In 2002, the George W. Bush regime inspired a coup attempt against President Hugo Chavez in Venezuela, thus affecting the country's oil industry. In 2003 came the invasion of Iraq, whose oil economy has not recovered even to the pathetic level caused by sanctions in the 1990s. Next, it was the turn of Iran to be taunted, and finally Russia.
Had the economic crisis not supervened, this year might have seen an attack on Iran and next year the introduction of oil-restricting sanctions against Russia. These actions would have pushed oil prices to new levels, and put paid to the ambitions of India and China to catch up with Europe.

Even a pickpocket gets a jail term, but not apparently those friends of U.S. Treasury Secretary Hank Paulson who presided over the biggest bust in financial history. Neither the United States nor the European Union appears ready to hold accountable those responsible for this disaster.

Indeed, the subject has been totally avoided in the eagerness to find "solutions," which in the main are funneling vast sums of taxpayer dollars to the care of the very individuals who were part of the core team of the guilty. Bush, Cheney, Sarkozy, Brown and German Chancellor Angela Merkel apparently believe that the reduction in annual bonuses from an average of US$60 million to a mere $20 million is punishment enough.

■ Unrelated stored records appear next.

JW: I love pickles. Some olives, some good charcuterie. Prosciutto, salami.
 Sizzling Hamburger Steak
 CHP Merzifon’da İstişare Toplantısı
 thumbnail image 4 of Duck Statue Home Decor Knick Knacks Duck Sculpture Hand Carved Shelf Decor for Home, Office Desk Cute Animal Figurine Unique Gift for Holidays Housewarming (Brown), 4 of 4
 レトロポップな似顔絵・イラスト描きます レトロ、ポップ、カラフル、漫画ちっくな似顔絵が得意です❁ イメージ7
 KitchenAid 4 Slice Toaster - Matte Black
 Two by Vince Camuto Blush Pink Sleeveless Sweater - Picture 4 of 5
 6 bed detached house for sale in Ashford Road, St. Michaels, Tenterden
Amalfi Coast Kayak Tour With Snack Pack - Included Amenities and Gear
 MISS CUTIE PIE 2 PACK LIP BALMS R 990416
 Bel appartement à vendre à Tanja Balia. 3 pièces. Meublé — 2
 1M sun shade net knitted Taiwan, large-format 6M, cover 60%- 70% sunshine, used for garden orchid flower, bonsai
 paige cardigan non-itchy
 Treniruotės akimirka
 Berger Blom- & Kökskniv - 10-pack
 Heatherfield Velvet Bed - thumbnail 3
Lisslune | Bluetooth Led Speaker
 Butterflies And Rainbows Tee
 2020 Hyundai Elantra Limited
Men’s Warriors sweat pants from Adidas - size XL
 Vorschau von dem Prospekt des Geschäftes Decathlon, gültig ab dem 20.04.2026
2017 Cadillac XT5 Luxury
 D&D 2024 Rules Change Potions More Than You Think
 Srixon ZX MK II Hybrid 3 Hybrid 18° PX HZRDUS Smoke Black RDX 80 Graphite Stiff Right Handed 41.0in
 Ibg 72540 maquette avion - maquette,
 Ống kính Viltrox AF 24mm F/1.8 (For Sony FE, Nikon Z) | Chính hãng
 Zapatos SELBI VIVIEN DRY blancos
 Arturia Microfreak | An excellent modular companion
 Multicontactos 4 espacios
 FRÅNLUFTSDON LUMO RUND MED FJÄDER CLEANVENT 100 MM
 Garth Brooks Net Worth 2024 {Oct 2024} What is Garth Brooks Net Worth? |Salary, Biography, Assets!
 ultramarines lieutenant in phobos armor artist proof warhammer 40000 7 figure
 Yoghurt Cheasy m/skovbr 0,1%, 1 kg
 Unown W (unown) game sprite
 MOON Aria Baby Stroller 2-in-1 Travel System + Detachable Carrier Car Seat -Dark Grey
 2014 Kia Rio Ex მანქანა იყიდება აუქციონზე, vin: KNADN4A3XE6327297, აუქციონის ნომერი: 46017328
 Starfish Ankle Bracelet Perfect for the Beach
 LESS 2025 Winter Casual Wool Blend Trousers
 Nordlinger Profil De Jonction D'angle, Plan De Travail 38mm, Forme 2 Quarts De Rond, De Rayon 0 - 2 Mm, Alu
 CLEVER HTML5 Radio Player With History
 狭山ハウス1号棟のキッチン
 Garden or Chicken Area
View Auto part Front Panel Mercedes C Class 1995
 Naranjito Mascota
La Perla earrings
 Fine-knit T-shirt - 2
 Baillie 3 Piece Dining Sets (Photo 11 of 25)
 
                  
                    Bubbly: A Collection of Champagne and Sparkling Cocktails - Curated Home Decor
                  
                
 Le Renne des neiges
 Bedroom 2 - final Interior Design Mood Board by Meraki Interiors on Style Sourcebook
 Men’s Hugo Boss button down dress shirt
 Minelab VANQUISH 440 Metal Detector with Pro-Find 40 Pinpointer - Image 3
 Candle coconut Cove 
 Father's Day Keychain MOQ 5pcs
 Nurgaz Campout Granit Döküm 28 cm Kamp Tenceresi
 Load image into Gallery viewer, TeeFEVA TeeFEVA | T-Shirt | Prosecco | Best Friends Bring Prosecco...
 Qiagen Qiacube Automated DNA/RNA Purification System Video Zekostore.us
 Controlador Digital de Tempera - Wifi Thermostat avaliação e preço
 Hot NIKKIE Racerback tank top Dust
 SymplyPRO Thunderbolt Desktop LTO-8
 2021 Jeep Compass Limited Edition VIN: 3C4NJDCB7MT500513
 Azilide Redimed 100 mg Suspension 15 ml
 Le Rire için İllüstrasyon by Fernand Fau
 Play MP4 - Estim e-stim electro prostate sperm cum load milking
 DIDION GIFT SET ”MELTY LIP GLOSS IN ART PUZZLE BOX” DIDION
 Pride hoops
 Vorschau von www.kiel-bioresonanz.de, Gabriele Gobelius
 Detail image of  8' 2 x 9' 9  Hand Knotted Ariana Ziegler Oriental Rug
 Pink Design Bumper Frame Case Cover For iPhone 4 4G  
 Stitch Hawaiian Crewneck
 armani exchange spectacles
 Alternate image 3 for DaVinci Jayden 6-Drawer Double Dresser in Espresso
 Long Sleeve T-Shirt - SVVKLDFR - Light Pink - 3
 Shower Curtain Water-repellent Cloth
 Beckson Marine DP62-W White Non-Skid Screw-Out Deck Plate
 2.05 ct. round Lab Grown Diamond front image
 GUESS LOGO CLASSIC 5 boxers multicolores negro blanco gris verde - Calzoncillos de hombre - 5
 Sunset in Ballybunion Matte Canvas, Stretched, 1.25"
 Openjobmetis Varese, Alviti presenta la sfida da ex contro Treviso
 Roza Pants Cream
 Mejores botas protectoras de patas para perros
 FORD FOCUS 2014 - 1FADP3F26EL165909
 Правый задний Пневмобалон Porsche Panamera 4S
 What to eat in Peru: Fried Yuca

The rest of the world disagrees, and until the perpetrators of the meltdown are identified and punished, few governments or investors in Asia would be willing to risk their funds being parked in New York, London or Frankfurt. The chances are that intra-Asian investment will rise as a result of the crisis, rather than a perpetuation of the dominance of Western financial institutions.

Although the international economy has changed in the 64 years since the World Bank and the IMF were set up, these institutions have not. Both are run by and for the United States and the European Union, although they have a sprinkling of other nations, almost all of whom subscribe to the doctrine of the International Bank for Reconstruction and Development and the IMF: "West knows best."

Changing the basic structure of these behemoths to better fit current reality would be far more difficult than the countries of Asia – and perhaps Africa and South America – setting up institutions of their own, with countries such as Russia entering the mix. A multiplicity of institutions, and competition between them, is preferable to the monochrome texture of the international institutions set up in 1944 and 1945.

In the largest of these, the United Nations, unsurprisingly there are two European countries (besides Russia) in the list of just five veto-wielding Security Council members, with China and the United States being the other two. A structure in which India and Brazil have no place, while Britain and France do, cannot be deemed representative of anything other than nostalgia.

The financial collapse of the past weeks has exposed the greed and absence of ethical restraints of institutions in the West, and it is ironic that Bush, the individual summoning the world's leaders to a conference on solutions next month, is the very person under whose watch the calamity occurred.

If Nicholas Sarkozy and Gordon Brown are serious about wanting the rest of the world to trust them once again with their savings, they will need to inflict severe punishment on the many within their own councils and relationship networks who have so selfishly brought the international economy to the edge of disaster, rather than allowing them to escape to their tax and other havens.